Recent news stories have covered the passing of some of the “old-timers” in the television news business, including clips from bygone days when people followed the news on the Big Three television networks ... plus, of course, the daily newspapers.
It is difficult now to remember that there were hours each day when we had to wait for “The CBS Evening News with Walter Cronkite,” or the afternoon delivery of the “San Jose News,” to find out the latest developments in the nation and the world.
Today, of course, access to every event of even trivial significance is ubiquitous, 24 hours a day. I chuckle when I watch the TV commercial of office workers trying to share office gossip only to be told “That is so 17 seconds ago!” Even with my wife it is almost impossible for me to break a news-flash that she has not already heard about.
But the companion to “all the news all the time” is the ever-present invitation to comment and opine on those very same news topics. Every online news story is now followed by a “Comment” window, sometimes generating hundreds or thousands of witty, sarcastic, vicious, strident, or (occasionally) intelligent responses.
Even the television news programs now feature a segment where the anchor person reads emails, Facebook or Twitter comments on the story just presented. The result is a deafening cacophony of voices on every side of every issue, all of which often leaves the reader or listener with nothing more useful than a giant headache.
And this brings me back to the “bygone era” thoughts with which I started. When I was growing up, the only vehicle for the vox populi was the editorial page of the local newspaper, which published “letters to the editor” from the readership. That was it! No blogs, no comments read on television, no Facebook posting or tweets.
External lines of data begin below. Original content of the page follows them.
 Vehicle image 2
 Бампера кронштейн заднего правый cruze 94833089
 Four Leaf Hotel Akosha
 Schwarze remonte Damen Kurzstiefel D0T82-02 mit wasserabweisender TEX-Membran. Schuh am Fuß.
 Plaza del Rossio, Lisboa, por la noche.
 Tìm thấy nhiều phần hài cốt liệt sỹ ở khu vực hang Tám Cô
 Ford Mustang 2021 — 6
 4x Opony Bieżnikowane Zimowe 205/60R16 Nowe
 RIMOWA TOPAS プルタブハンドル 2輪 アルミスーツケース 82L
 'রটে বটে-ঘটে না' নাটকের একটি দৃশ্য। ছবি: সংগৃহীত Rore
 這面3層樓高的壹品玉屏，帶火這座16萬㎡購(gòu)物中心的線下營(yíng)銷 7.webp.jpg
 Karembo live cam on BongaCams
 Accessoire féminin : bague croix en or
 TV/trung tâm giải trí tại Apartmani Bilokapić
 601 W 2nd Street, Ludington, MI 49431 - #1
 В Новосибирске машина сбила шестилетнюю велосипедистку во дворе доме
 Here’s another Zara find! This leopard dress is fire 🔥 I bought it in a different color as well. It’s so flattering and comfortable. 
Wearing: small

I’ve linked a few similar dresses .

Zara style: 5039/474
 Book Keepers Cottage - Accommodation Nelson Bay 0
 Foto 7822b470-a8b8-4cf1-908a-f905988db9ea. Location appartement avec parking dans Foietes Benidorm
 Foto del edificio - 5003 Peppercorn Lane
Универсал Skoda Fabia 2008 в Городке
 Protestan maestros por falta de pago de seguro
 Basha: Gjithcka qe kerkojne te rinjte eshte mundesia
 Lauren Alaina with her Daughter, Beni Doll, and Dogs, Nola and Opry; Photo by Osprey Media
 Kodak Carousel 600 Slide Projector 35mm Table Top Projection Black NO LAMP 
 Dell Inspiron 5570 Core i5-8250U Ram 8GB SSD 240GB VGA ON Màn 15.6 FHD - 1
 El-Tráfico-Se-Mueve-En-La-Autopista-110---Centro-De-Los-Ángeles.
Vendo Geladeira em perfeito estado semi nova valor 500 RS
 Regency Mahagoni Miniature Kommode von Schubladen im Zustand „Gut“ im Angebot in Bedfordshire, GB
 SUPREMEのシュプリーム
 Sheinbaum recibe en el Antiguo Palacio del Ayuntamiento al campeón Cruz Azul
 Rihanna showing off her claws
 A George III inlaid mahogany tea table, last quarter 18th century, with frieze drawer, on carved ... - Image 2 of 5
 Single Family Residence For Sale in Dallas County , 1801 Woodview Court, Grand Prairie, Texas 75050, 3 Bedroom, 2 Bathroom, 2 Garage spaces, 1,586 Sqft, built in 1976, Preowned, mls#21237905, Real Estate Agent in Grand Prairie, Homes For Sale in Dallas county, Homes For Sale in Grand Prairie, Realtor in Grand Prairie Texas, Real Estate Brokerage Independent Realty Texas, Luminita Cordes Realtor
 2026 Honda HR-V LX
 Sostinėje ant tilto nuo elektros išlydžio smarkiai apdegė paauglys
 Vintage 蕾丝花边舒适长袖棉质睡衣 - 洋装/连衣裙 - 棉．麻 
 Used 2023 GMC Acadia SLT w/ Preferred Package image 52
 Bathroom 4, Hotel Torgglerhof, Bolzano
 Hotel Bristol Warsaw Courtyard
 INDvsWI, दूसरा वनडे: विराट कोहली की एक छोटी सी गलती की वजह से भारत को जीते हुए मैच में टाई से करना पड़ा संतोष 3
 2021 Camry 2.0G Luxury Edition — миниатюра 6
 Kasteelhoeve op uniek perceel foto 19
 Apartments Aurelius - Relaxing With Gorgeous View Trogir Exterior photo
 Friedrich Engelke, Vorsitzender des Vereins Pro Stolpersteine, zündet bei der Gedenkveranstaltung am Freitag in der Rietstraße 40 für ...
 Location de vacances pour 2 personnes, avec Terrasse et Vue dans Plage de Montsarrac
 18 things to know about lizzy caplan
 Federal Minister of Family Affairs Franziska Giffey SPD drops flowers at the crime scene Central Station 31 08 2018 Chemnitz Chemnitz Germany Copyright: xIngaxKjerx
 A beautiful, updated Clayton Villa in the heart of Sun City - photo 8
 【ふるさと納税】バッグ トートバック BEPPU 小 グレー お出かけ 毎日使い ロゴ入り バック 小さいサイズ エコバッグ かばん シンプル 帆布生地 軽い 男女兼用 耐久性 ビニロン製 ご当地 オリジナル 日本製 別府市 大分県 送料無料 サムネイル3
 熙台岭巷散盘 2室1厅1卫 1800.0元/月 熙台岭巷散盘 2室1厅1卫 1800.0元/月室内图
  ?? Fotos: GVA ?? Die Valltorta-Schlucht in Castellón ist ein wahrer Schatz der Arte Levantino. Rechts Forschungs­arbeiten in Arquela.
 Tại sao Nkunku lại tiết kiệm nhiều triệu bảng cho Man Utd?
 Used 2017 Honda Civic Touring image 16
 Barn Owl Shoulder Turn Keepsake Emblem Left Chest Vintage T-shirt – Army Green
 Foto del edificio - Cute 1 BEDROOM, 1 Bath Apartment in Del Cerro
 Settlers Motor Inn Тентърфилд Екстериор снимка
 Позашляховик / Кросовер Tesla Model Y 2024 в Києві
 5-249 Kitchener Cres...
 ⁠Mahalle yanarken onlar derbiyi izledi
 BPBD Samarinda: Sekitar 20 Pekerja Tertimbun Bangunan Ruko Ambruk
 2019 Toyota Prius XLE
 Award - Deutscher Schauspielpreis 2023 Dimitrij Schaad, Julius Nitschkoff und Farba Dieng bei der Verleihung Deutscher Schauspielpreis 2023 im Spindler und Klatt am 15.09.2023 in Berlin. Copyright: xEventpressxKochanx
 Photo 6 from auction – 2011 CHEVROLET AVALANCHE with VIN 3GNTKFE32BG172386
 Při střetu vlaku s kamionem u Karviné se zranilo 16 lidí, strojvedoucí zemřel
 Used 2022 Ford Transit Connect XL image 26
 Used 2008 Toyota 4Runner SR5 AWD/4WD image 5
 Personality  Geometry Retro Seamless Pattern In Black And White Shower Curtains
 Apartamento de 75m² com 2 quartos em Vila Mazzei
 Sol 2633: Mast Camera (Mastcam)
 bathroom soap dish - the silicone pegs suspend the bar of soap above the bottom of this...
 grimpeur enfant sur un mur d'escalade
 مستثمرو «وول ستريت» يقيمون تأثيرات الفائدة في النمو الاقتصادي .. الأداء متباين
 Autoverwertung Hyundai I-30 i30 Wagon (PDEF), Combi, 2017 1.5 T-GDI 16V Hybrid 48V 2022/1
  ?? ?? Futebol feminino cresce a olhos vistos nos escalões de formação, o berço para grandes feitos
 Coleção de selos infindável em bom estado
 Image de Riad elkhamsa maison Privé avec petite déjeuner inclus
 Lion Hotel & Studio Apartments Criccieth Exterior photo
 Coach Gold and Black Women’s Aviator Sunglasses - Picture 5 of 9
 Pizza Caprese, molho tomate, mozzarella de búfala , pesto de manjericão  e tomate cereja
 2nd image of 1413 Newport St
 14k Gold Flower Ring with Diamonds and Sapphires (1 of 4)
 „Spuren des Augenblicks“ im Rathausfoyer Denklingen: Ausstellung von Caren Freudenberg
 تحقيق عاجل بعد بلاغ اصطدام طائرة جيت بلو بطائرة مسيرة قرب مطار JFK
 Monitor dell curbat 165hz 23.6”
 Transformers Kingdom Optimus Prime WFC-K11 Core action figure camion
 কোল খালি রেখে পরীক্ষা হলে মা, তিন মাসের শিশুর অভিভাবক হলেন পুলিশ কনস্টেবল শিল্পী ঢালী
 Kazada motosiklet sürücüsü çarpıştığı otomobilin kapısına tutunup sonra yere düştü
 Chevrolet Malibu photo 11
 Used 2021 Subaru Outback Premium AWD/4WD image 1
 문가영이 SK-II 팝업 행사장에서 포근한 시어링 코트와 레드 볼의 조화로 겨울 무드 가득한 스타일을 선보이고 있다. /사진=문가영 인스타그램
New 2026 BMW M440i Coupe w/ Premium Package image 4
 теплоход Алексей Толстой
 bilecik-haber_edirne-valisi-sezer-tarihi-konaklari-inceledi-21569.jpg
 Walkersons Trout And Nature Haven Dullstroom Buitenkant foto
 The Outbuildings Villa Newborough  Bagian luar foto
My dad was an inveterate writer of letters to the editor of the Oregon Journal, the afternoon daily in Portland. Once in a great while he would proudly share that day’s editorial page, featuring one of his letters. He would receive calls from his buddies, congratulating him on his temporary fame. He felt his expression of opinion made a difference. Whether it did or not is debatable.
But does anyone today have even the illusion of influence, as one more voice joins the roar of the crowd? The irony of today’s easy access to the soapbox is that the top of the soapbox is now lowered to floor-level, with no voice able to distinguish itself from all the others. I know my dad would be very, very frustrated.